Frédéric Mermoud’s simmering revenge mystery is less thriller than self-study. Set on the shores of Lake Geneva, the misty miasma wafting across the cold fiord focuses the eye on the mysterious mountains along its shore. Diane (in a powerful performance by Emmanuelle Devos) is standing at the railing of ship crossing the forbidding lake. She has not come to see the world-renowned scenery amongst the alpine shores, but to deal with the demons of a terrible loss.

Her young son, a talented, innocent and beautiful teen, has been killed in a hit-and-run car accident. She is so stricken that she is unable to grieve. Her mind is a whirlpool of emotion that allows for neither sleep nor awakening. Leaning hard against the ships railing, she barely sees the young rogue step up next to her. He is on a mission, too, but of a different sort.
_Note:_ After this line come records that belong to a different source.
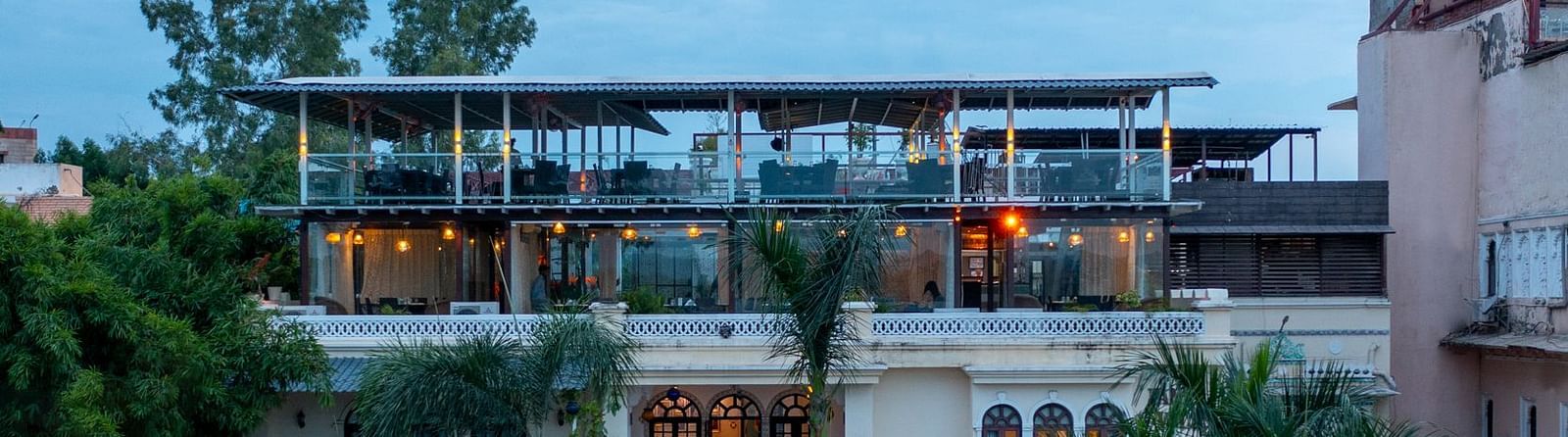 Facade view of the hotel during the evening with clear sky in background | Panna Vilas Udaipur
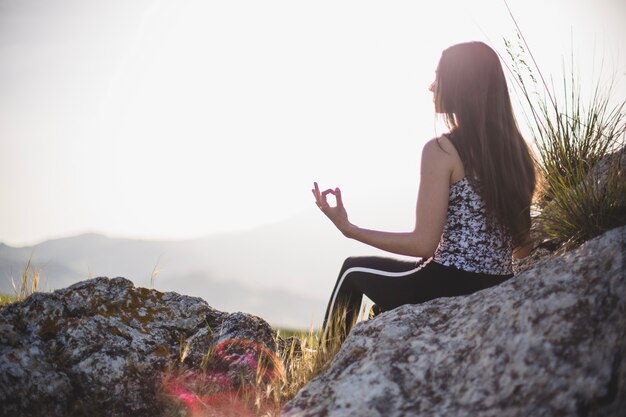 Femme faisant du yoga sur pierre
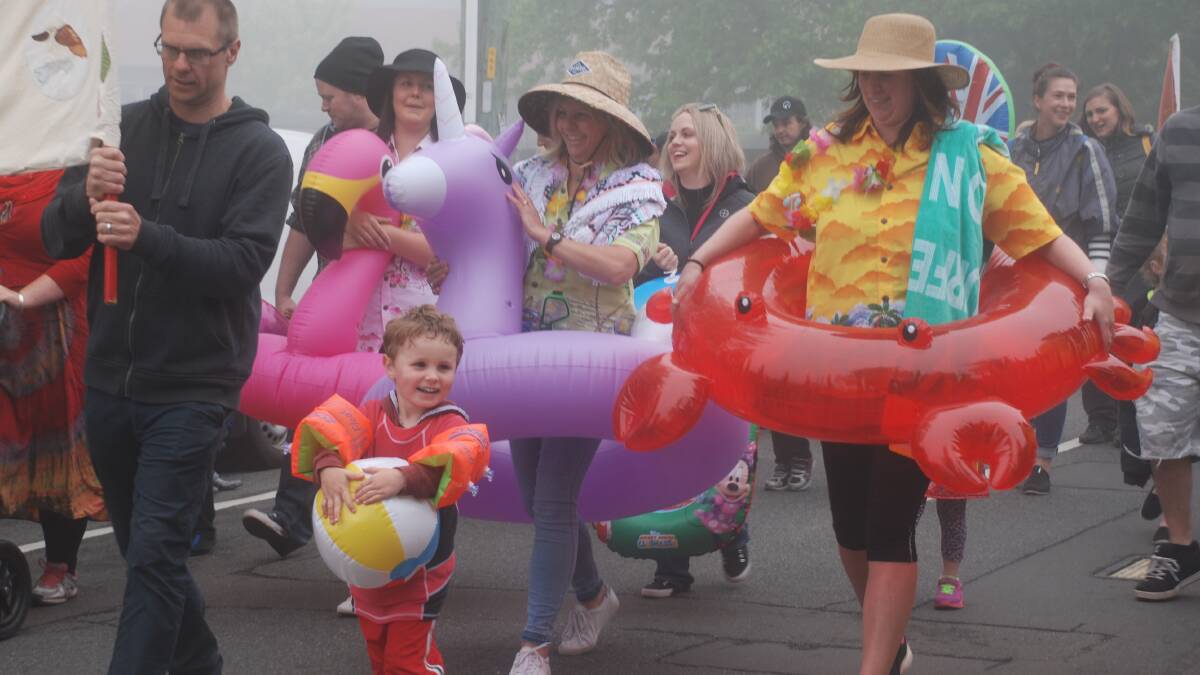 Grand parade: The mist didn't deter participants in last year's Rhodo Festival parade.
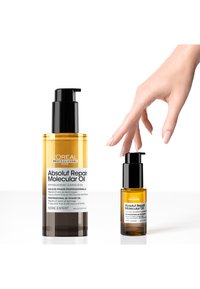 Aceite Molecular Absolut Repair de L'Oréal en dos tamaños: botella ámbar grande con bomba negra y botella ámbar pequeña al lado, ambas con etiquetas.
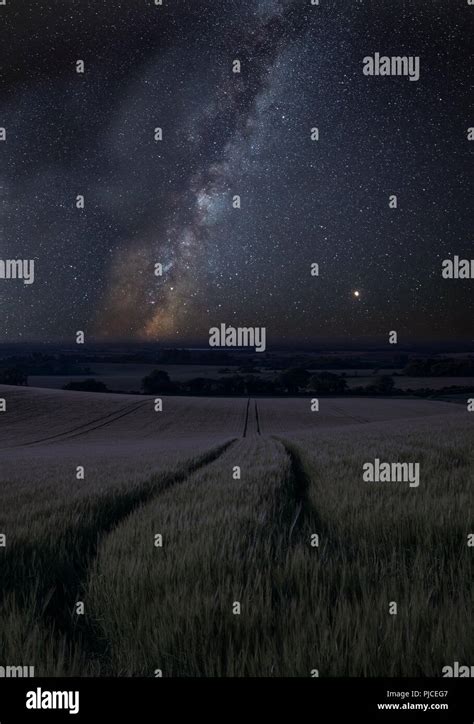 Stunning Vibrant Milky Way Composite Image Over Landscape Of Wheat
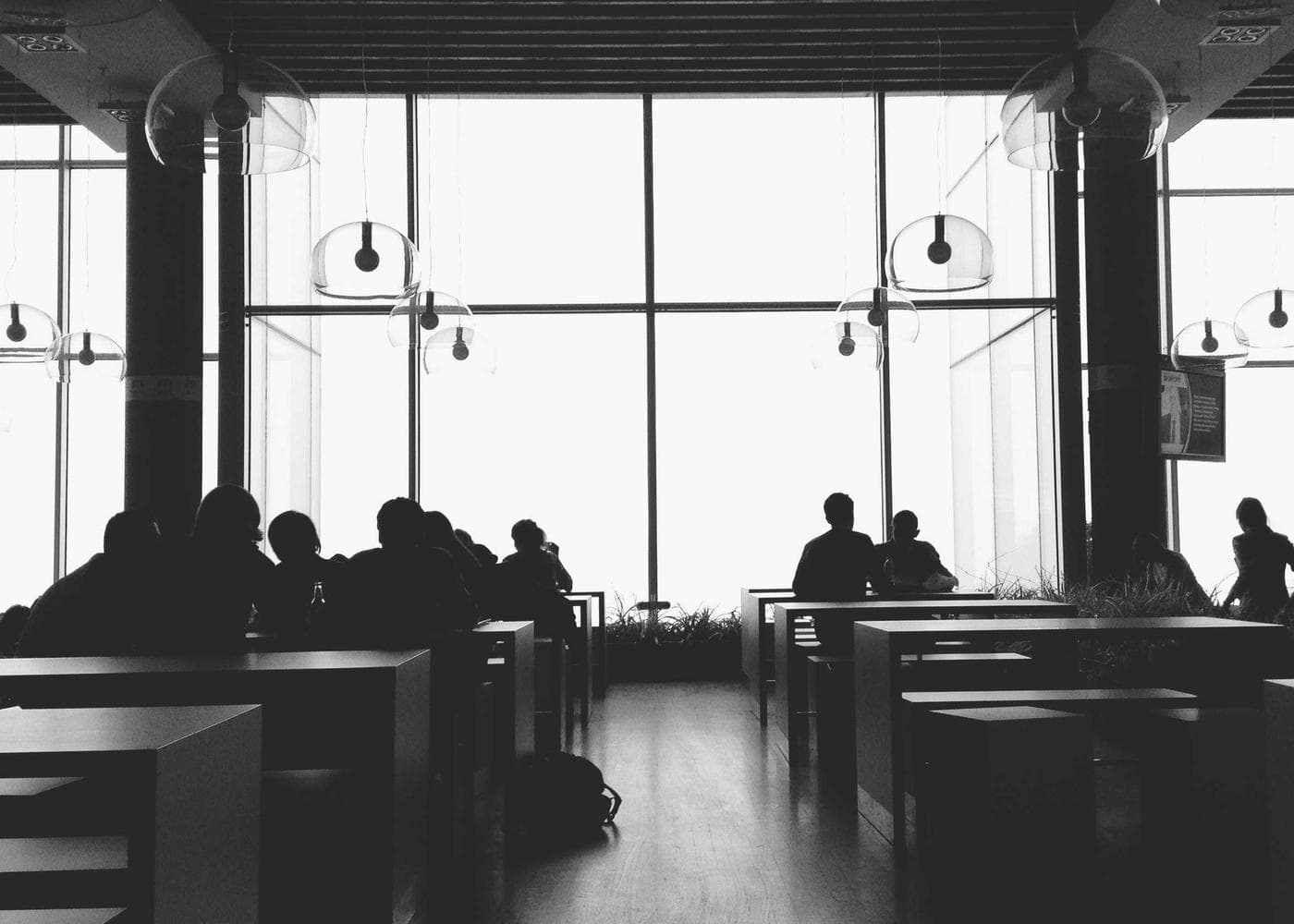 A bright room with tall windows and people seated in silhouette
He is the kind of man who she might need. The kind who might be able to find her a gun. “It looks beautiful but it is dangerous,” he tells her, pointing to the icy waters layered with thin vapor. “Many people have drowned here.”

The message is well taken, for many have perished where Diane treads. Either the body perishes, or the soul. It is a cold death and Diane is walking on the edge. She meets a man in a cute touristy café and he tells her he has found four cars, and was lucky to be able to do that. Devos’ expression almost tears down the walls of the trendy coffee shop. Only four cars but one of them must be the murder weapon.

So starts the story of Diane’s meeting with Marlene (a radiant Nathalie Baye) and her stalking of those she is convinced killed her son. We are unsure. The evidence is a dark colored car, a larger sedan with twin headlights. This shakiness pervades the entire story, making it hard for writer/director Frédéric Mermoud to build tension. It would have been a better mystery if we were better able to identify with Diane.

As it turns out this is less of a mystery thriller and more of a descent into madness. Like a trekker lost in an alpine whiteout, Diane seizes on anything of any substance regardless of its rational significance. Four cars or a hundred, one of them is the one. The car is for sale and by posing as a buyer, Diane insinuates herself into the dysfunctional family of Marlene. She may be sorry she ever set foot on that rocky shore or Marlene’s situation may be even more mad then her own.

Based on the novel by Tatiana De Rosnay, this film adds little to the story except the shimmering acting of Devos and Baye. Both are outstanding, but there is little more to the cast then the two of them. Cinematographer Irina Lubtchansky seems well chosen based on the success of her work in Arnaud Desplechin’s “My Golden Days.” The dreaminess of the setting pockmarked with nightmares of ill-defined guilt and remorse are contrasted with the practical matter of getting up in the morning and existing in the real world. Nathalie Baye is able to bring her work within the loving but dysfunctional sphere of “Catch Me If You Can” husband Christopher Walken’s tilted universe.